Tuesday, 29 April 2014

Peter Moon: Strictly Business

A big welcome goes out to Peter Moon from everyone here at Heart of Fiction.

Peter joins us today from Berkshire. Originally born in London, Peter has settled with his family in the quiet climes of the English countryside.

A man with a varied past, Peter has found joy in journalism as a freelance editor and copywriter, as well as contributor in local newspapers and horseracing publications.

Today, Peter joins us to talk about his debut novel, Strictly Business, an erotic novel which crosses from England to America and back again.

Richard Swift is the son of a film executive for the UK arm of Lustrous Pictures. He's hoping to make his own name in the business. When Richard meets Amelia, sparks instantly fly. But Amelia isn't a one man woman, as we soon discover, following her through this story as she advances her own agenda. It's all business for her though, but could she have met her match in Jason Quartz, owner of Quartz Travel, and Amelia's boss?

When Richard finds himself in Hollywood, he meets ex-porn star Sherri Kendal, the woman who inspires the screenplay he decides to write with friend, Marcus Russell, called Farewell to Mercury.

Don't let the genre, erotic novel, throw you. There's a big story in Strictly Business. Each character has been carefully and intricately developed, and their stories expertly woven together to create this tale. Readers will be pulled from one drama to another, and Amelia is at the center of it, keeping things hot. Moon's scenes are instantly visual, and I dare say stimulating. If you like an equal blend of story to your erotic reading, this story is a great inclusion to any erotic library.

We managed to corral Peter for a quick chat, but before we get to his interview, don't forget that your comment will go into the draw for a free copy of this book. You must be 18 years of age to qualify!

• • •

Thank you for joining us today, Peter, and thanks for taking some time to chat with us. Our readers love discovering new-to-them authors. Let's see what we can learn about you!

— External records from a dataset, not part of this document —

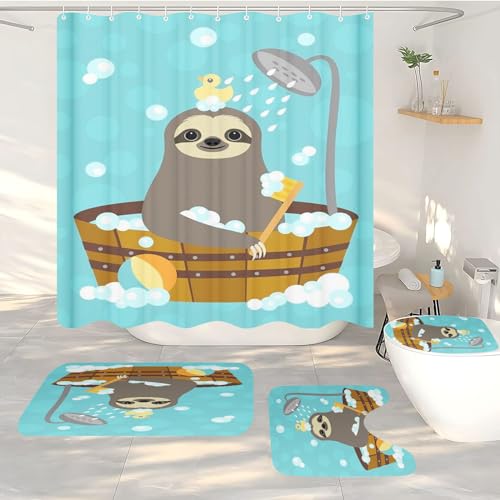 FABTOP Kinder Niedliches Faultier Duschvorhang 180x200cm Karikatur Faultier Tier Badewanne Duschvorhänge Faultier Shower Curtains Textil Tier Naturthema (2,200 x 200 cm) von FABTOP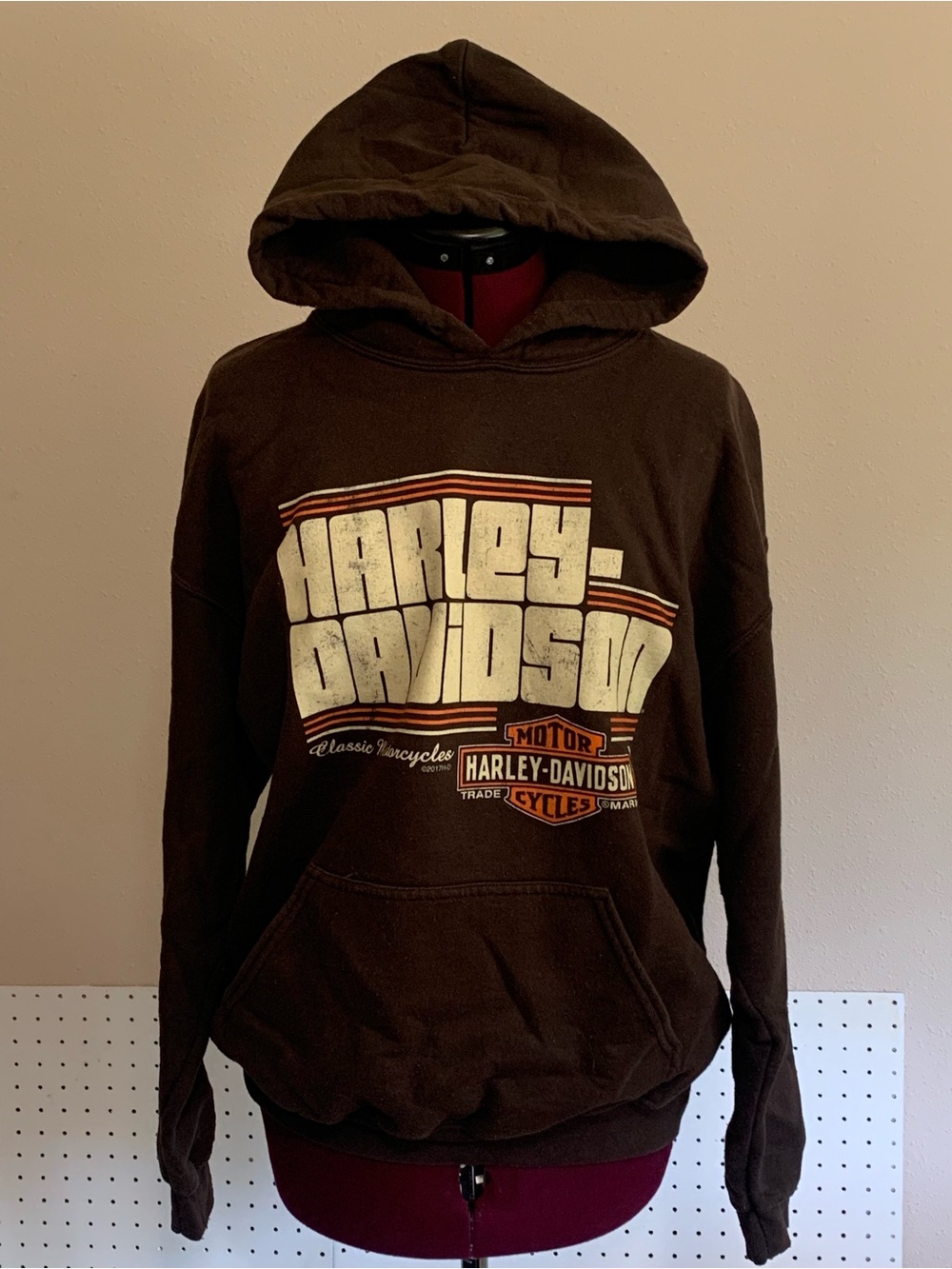 Harley-Davidson Brown and Cream Logo Pullover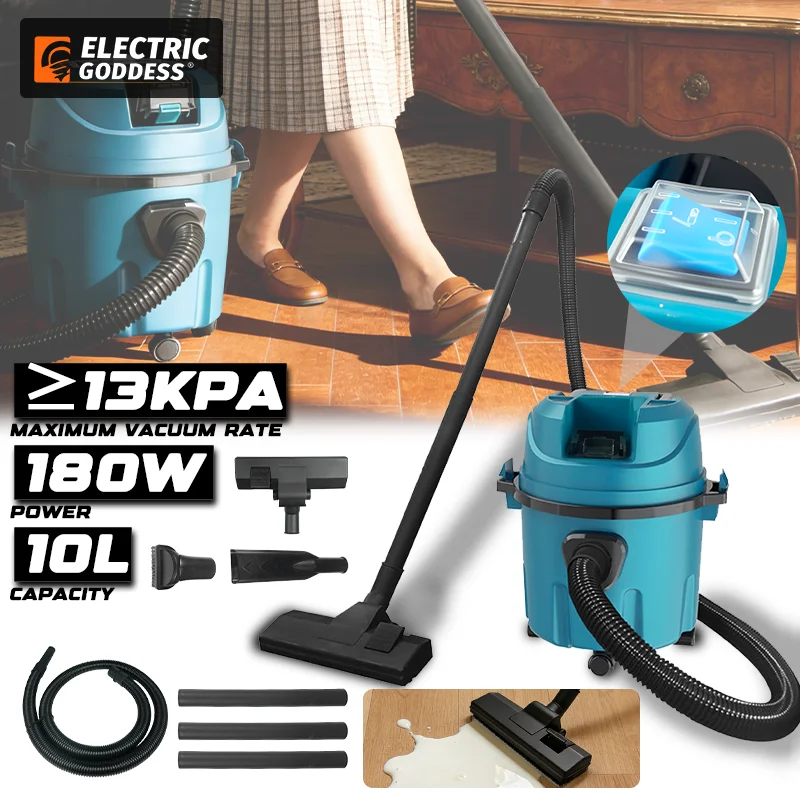 

2 In 1 Wet and Dry Cordless Vacuum Cleaner 10L Large capacity Suction Dust Collector With Wheels For Makita 18V Battery Pin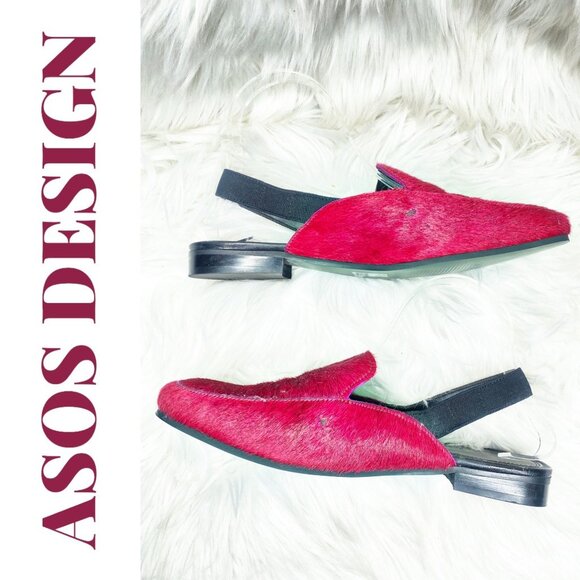 ASOS RED PONY HAIR SLINGBACK LOAFER MULES LOW HEEL, SIZE 7 - Picture 3 of 9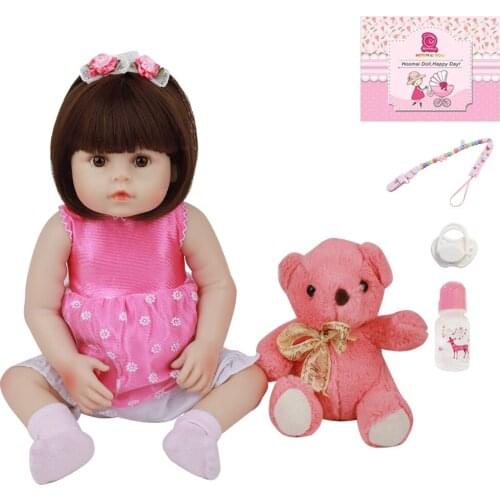 48CM Lovely Bebe Reborn Baby Doll Handmade Silicone Full Body Realistic 18 Inch Cute Princess Newborn Doll For Kid Birthday Gift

I noticed on your bio that you worked on tramp steamers. I'd love to learn more about that one day, but for today, let's focus on your literary life. You must have a busy schedule with all of your writing endeavors. With so many irons in the fire, how do you schedule it all? Do you have a routine or just tackle tasks when the mood hits?
Part of my routine involves writing to order: contributing articles for a horseracing website and discussing races. I also edit and copywrite on a freelance basis, so I will tackle any outstanding work early in the day. Writers are like actors: there are more of them than there is work, so I am grateful editing supplements my income. Assignments tend to be sporadic. I won’t say the pay is poor – just  that you need to cultivate a taste for baked beans. Editing other people’s writing is more straightforward than doing your own because you read with fresh eyes, instantly spotting any inconsistencies or mistakes.
As far as my writing is concerned, like most writers, I find there are key times in the day when I seem to be most effective. Early in the morning and late at night are best. I guess I am not alone in singling out these moments for productivity – perhaps it is something  to do with the quiet and the lack of distraction. I also try to keep a notebook to hand when relaxing in order to capture those half-flashes of inspiration that occasionally enter the brain and just as quickly vacate it again. That said I am not so sad as to take a notebook with me on social outings; well not yet anyway...
Oh, I'm well-familiar with the baked beans and toast budget of an aspiring writer. You know it's payday when you can add a sausage to that meal!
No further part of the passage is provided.